▶ _Your goal_: Nothing below is to be printed except the lines between the line holding "Саперная лопатка, обр." and the line holding "Le Café Ô Berry en fête", inclusive, each exactly as it appears.

[Stored records]
- - - - -
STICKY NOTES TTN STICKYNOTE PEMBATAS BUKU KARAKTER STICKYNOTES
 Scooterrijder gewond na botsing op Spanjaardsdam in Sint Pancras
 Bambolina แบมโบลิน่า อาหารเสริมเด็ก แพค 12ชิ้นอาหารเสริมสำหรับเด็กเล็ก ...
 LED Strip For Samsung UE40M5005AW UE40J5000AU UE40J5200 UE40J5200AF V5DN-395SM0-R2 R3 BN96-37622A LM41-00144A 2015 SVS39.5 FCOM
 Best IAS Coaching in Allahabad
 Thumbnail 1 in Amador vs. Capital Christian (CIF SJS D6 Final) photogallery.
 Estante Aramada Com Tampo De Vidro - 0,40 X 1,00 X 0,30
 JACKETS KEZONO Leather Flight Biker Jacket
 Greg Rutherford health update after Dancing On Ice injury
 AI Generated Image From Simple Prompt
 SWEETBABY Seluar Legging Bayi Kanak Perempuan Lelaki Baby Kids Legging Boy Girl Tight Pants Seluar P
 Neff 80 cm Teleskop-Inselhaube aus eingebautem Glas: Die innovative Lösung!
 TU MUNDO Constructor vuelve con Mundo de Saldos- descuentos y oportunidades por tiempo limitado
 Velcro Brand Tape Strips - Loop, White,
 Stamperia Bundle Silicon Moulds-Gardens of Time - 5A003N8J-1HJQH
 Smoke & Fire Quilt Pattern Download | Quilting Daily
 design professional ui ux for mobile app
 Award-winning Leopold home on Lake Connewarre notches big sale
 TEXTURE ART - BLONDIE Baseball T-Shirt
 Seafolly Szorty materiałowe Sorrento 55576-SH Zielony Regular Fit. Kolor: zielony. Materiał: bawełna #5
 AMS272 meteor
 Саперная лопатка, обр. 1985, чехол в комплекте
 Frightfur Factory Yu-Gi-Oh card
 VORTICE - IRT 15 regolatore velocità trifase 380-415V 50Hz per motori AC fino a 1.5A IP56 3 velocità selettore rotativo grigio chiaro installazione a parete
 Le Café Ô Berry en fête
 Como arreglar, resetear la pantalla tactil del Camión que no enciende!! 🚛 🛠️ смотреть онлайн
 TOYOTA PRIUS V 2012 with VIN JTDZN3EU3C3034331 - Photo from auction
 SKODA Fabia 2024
- - - - -
▶ _Answer below_:
 Саперная лопатка, обр. 1985, чехол в комплекте
 Frightfur Factory Yu-Gi-Oh card
 VORTICE - IRT 15 regolatore velocità trifase 380-415V 50Hz per motori AC fino a 1.5A IP56 3 velocità selettore rotativo grigio chiaro installazione a parete
 Le Café Ô Berry en fête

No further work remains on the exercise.